It has identified premium restaurants in Hong Kong and Singapore as their beachhead customers, and subsequently expects its frozen deshelled shrimp to be available in Asian supermarkets by 2024, priced initially at a 20–30 percent premium to regular frozen deshelled shrimp.
‘Clean’ versus ‘lab-grown’ meat
For cell-based meat production at large, there is a consensus that it will require drastically less land and water than current methods, but the jury is still out on its energy usage and greenhouse gas emissions, which could be more intensive, some suggest.
Shiok Meats’ expected two-pronged business strategy involves building its own production facilities as well as licensing its patented technology to existing food manufacturers. Shiok Meats is already in early discussions with shrimp farms in Singapore and Thailand.
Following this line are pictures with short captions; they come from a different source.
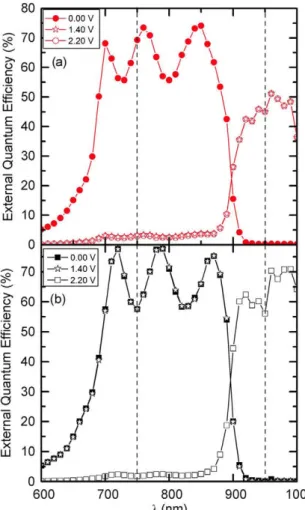 Figure 3. External quantum efficiency measurements of a 3JSC 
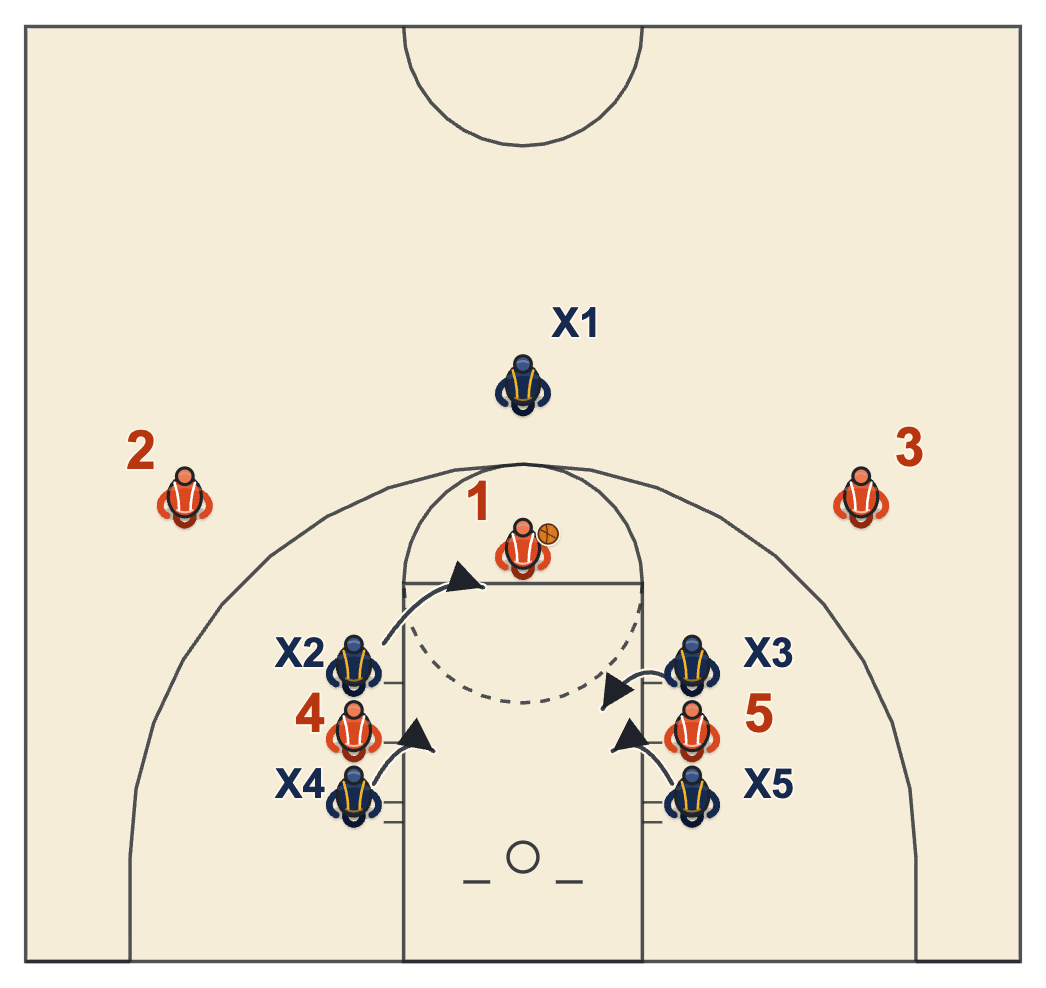 Free throw box out diagram of the low defenders stepping into the lane, one top defender pinching the middle and the other boxing out the shooter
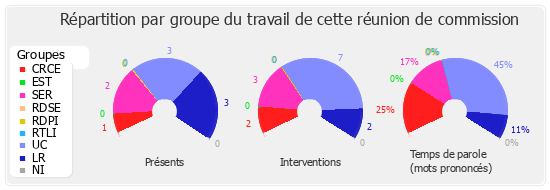 Répartition par groupe du travail de cette réunion de commission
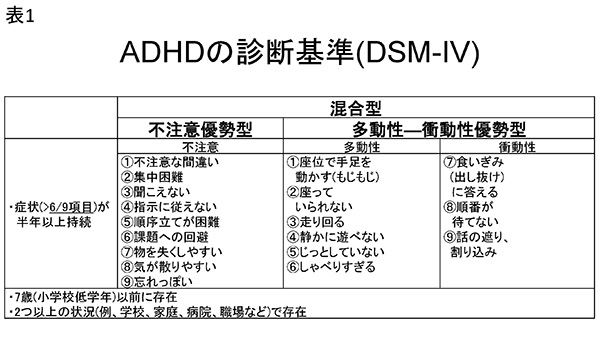 ★表1　ADHDの診断基準(DSM-IV)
Farmers could thus benefit from the alt-meat disruption in two ways: first, by growing alt-meat’s plant inputs; second, by using these new technologies to de-risk their own meat production—no more worries about typhoons and mad cows.
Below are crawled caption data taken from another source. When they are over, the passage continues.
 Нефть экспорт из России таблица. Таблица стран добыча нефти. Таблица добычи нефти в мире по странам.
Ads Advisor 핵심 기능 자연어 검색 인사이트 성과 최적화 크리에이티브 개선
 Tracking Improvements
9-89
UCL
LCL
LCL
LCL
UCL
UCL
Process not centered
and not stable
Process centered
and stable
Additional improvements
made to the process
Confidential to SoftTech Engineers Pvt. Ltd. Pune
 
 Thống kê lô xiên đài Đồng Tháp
Shiok Meats may also face regulatory issues around labeling and safety. There is an ongoing tussle in the US around nomenclature. On one side, some industry incumbents object to alt-meats carrying the label ‘meat,’ with any protectionist impulse camouflaged by a seemingly fair critique on consumer information and transparency grounds.
On the other side, alt-meat branding wordsmiths are working overtime to attract skittish consumers, mutating names rapidly: what was once ‘lab-grown meat’ is now ‘cell-based meat,’ ‘cultured meat’ or, preferably, ‘clean meat’—implying, as devotees believe, that traditional, disease-vulnerable meat is dirtier. There are also valid concerns over the safety of techie ‘hack’ foods. In 2016 Soylent, a much ballyhooed meal replacement startup, had to withdraw its algae-derived snack bar and pause sales of a signature powder after some consumers fell sick.
Regulators in Asia, aware of alt-meat’s potential to assuage food security issues, appear eager to smoothen its market entry. “This could easily be another area where Asia leapfrogs the rest of the world,” says Siu at GFI. “Funding research and development and providing regulatory clarity could make this happen.”
Shiok Meats has so far encountered no labeling pushback, says Ling. “They [regulators in Asia] will make sure it’s free of toxins and any pathogens possible. I don’t think consumers have to worry about that.”
Alt-meat’s future
Though much of alt-meat’s current entrepreneurial dynamism is in the West—and, to a lesser extent, places like Israel—Shiok Meats believes Asia has the necessary ingredients for it to thrive. It plans to keep Singapore as a base to leverage its reputation for safety and quality. But it wants to expand to another city that can provide what the city-state lacks, says Sriram, including sufficient engineering talent and infrastructure like big food production facilities. “In the US, some of the clean meat companies have adopted an old chocolate factory or an old brewery… we would rather see if we can do this in a country where it’s already available to an extent.”
Meanwhile, given China’s vast capacity in producing and processing plant-based raw materials such as soy and pea isolate, Siu says “China could become the world’s factory once again in plant-based food production.”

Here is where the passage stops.